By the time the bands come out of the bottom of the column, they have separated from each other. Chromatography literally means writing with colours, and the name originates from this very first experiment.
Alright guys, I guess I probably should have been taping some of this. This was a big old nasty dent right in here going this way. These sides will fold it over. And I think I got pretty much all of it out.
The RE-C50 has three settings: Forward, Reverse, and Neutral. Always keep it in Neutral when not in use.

...

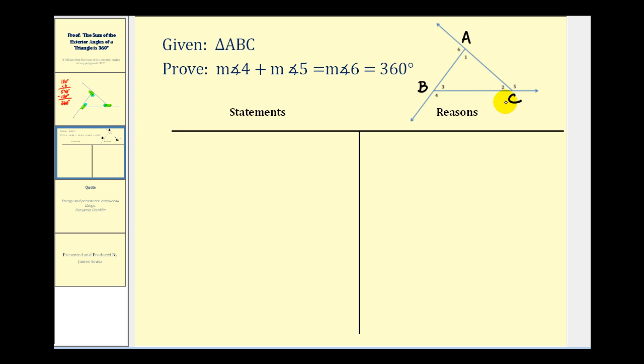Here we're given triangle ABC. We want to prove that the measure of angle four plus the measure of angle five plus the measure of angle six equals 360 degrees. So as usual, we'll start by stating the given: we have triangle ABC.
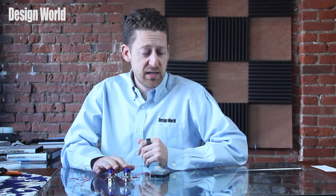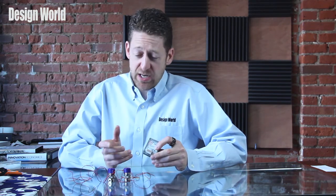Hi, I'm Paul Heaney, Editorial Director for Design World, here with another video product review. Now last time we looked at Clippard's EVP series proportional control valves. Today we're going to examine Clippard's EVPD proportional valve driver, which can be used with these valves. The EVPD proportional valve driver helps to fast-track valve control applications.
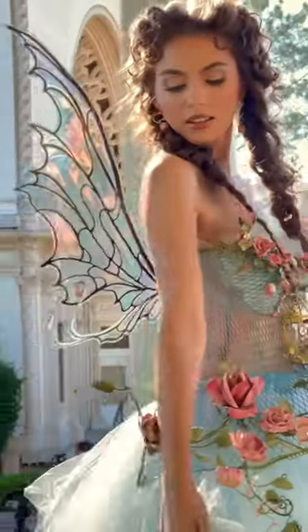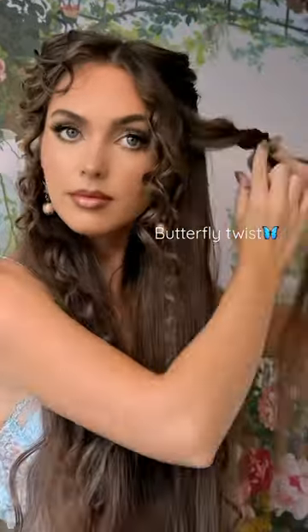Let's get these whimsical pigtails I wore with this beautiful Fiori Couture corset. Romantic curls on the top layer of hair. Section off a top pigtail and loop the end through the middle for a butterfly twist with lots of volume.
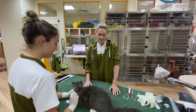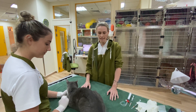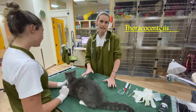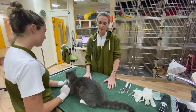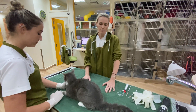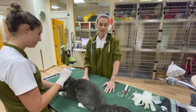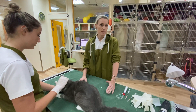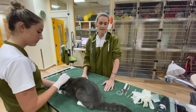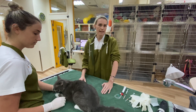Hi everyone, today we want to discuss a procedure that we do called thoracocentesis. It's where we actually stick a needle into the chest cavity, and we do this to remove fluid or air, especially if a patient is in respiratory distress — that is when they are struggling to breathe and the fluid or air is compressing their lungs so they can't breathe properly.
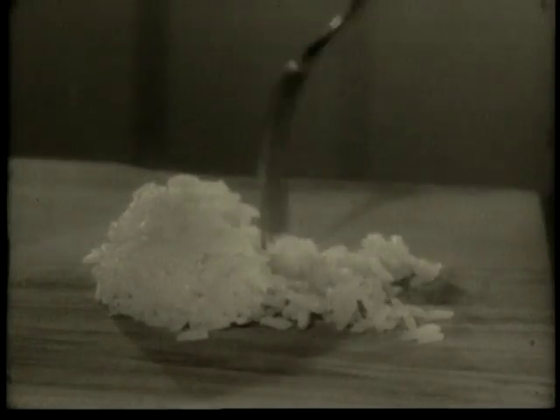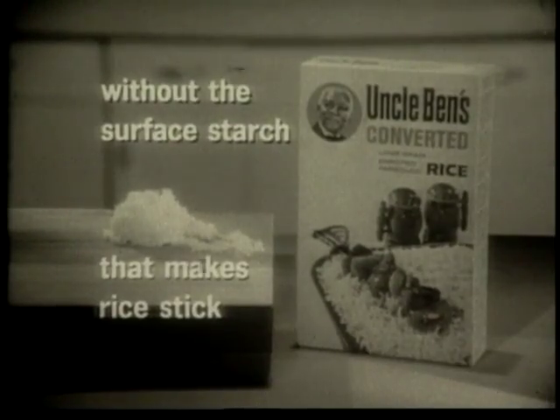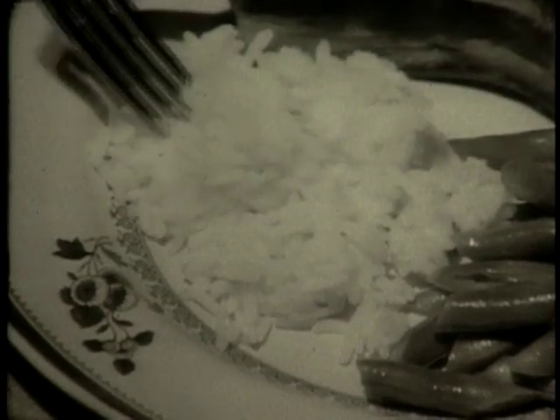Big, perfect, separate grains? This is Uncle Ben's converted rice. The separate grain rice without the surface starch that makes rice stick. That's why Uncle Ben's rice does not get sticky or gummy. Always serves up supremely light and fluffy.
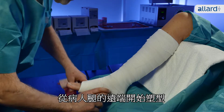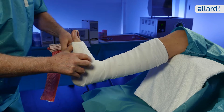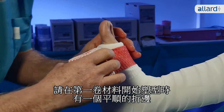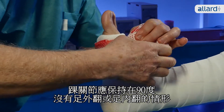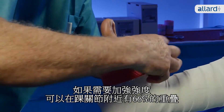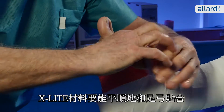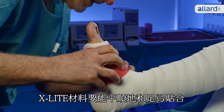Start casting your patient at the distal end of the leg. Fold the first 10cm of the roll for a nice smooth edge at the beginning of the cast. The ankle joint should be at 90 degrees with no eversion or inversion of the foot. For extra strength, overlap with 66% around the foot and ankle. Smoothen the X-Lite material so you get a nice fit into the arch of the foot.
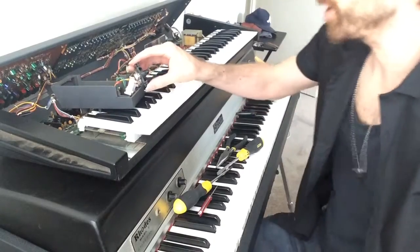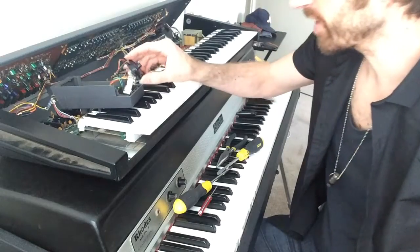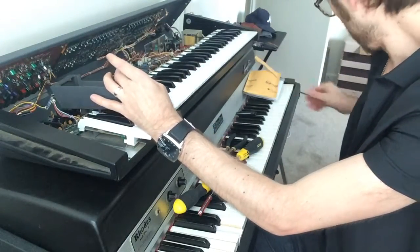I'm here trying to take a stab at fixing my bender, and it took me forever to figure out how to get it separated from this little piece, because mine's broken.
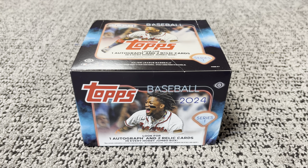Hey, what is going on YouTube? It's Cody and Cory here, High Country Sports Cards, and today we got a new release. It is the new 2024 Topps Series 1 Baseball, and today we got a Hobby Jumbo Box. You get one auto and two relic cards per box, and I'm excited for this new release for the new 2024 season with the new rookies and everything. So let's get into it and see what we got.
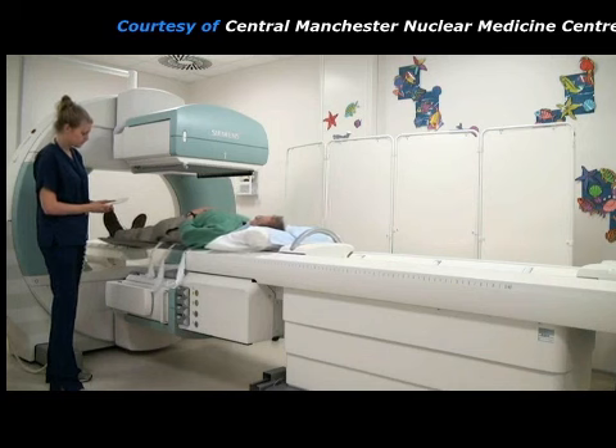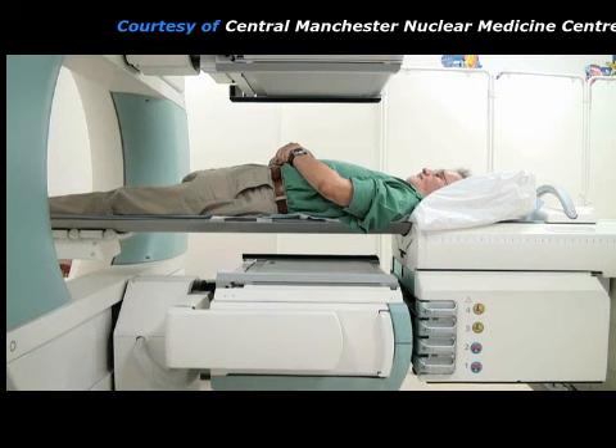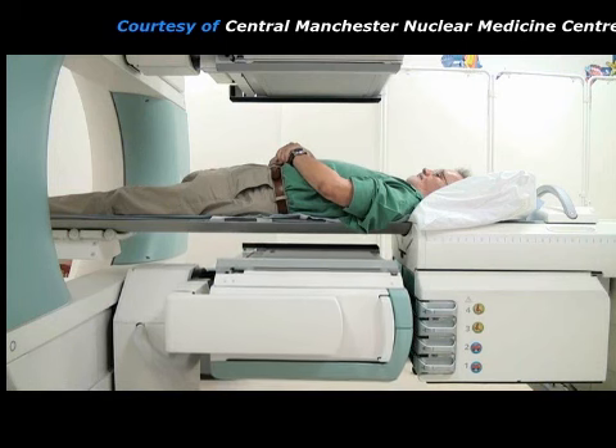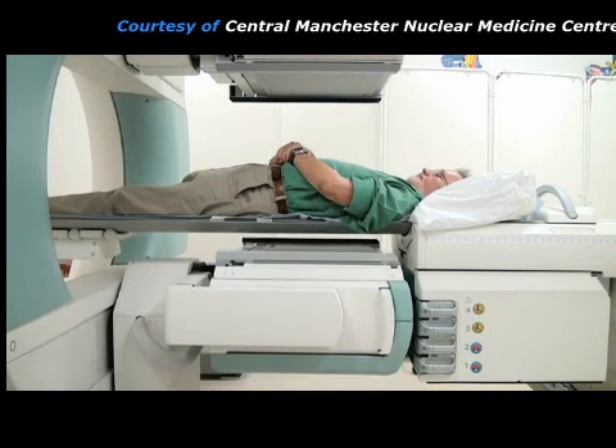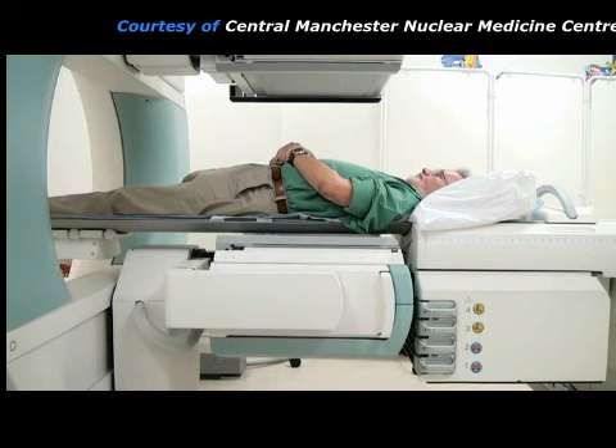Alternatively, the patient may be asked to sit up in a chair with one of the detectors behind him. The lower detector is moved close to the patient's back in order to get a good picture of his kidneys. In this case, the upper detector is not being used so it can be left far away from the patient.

* * *

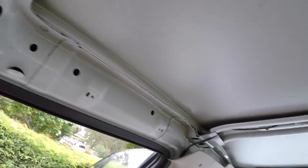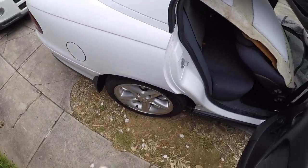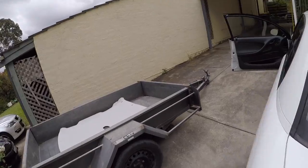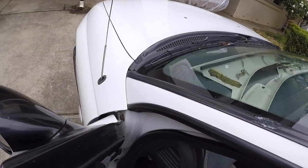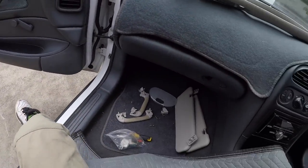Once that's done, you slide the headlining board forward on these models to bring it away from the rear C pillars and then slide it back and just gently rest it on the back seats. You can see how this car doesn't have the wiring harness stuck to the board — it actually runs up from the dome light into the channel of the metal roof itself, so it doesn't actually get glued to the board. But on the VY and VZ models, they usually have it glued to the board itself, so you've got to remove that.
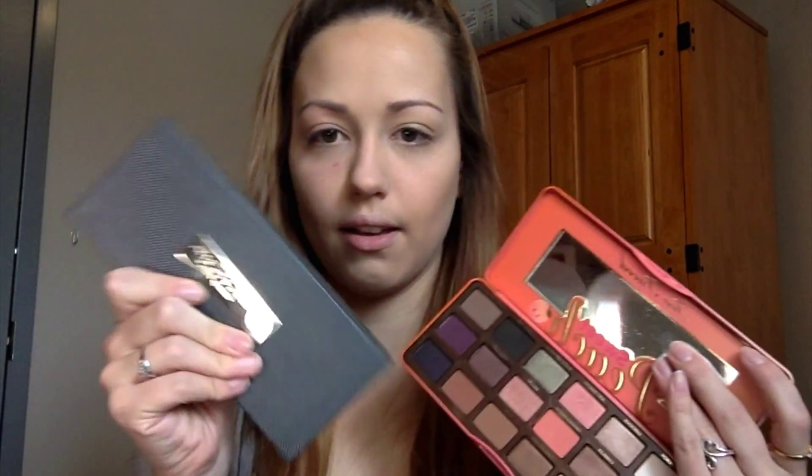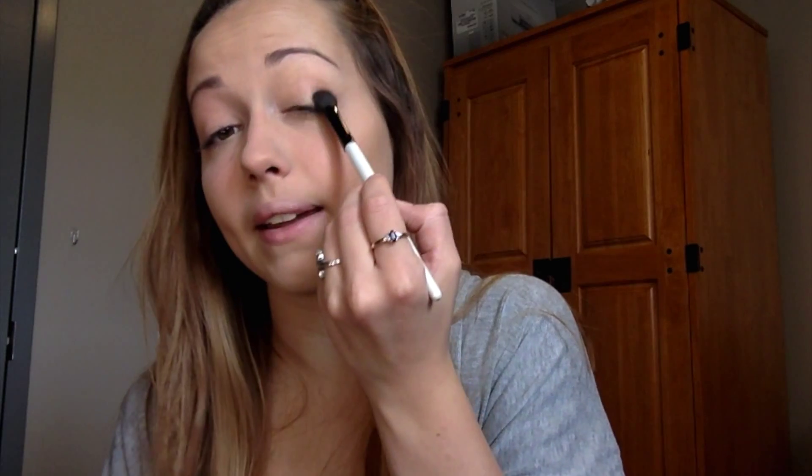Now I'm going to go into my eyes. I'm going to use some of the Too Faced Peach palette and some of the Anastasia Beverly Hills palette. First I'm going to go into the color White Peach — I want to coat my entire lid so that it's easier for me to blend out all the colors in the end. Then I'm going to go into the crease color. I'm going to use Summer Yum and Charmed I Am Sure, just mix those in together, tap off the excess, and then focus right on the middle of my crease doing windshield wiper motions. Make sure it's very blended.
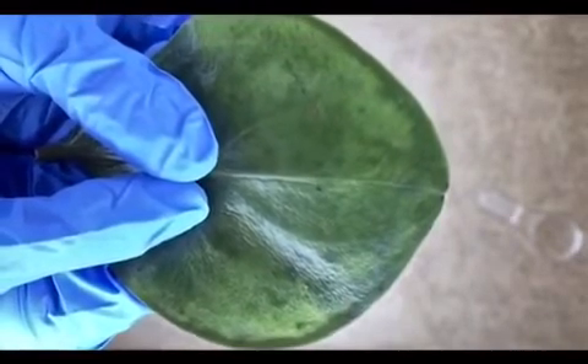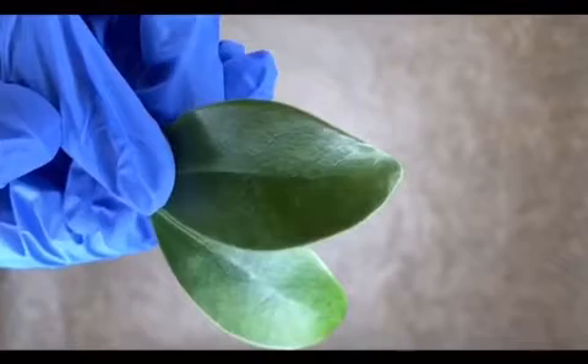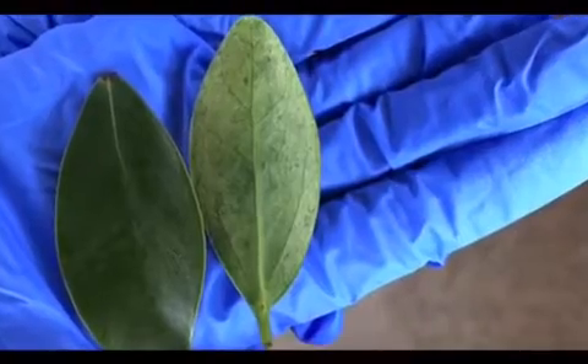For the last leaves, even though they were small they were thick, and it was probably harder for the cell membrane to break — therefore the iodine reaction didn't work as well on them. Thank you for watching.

— TASK INSTRUCTIONS —
Above are records; repeat only the lines from the line with "Start casting your" through the line with "Hey, what is", and leave pictures out.

— RESULT BELOW —
Start casting your patient at the distal end of the leg. Fold the first 10cm of the roll for a nice smooth edge at the beginning of the cast. The ankle joint should be at 90 degrees with no eversion or inversion of the foot. For extra strength, overlap with 66% around the foot and ankle. Smoothen the X-Lite material so you get a nice fit into the arch of the foot.
I'm here trying to take a stab at fixing my bender, and it took me forever to figure out how to get it separated from this little piece, because mine's broken.
Hey, what is going on YouTube? It's Cody and Cory here, High Country Sports Cards, and today we got a new release. It is the new 2024 Topps Series 1 Baseball, and today we got a Hobby Jumbo Box. You get one auto and two relic cards per box, and I'm excited for this new release for the new 2024 season with the new rookies and everything. So let's get into it and see what we got.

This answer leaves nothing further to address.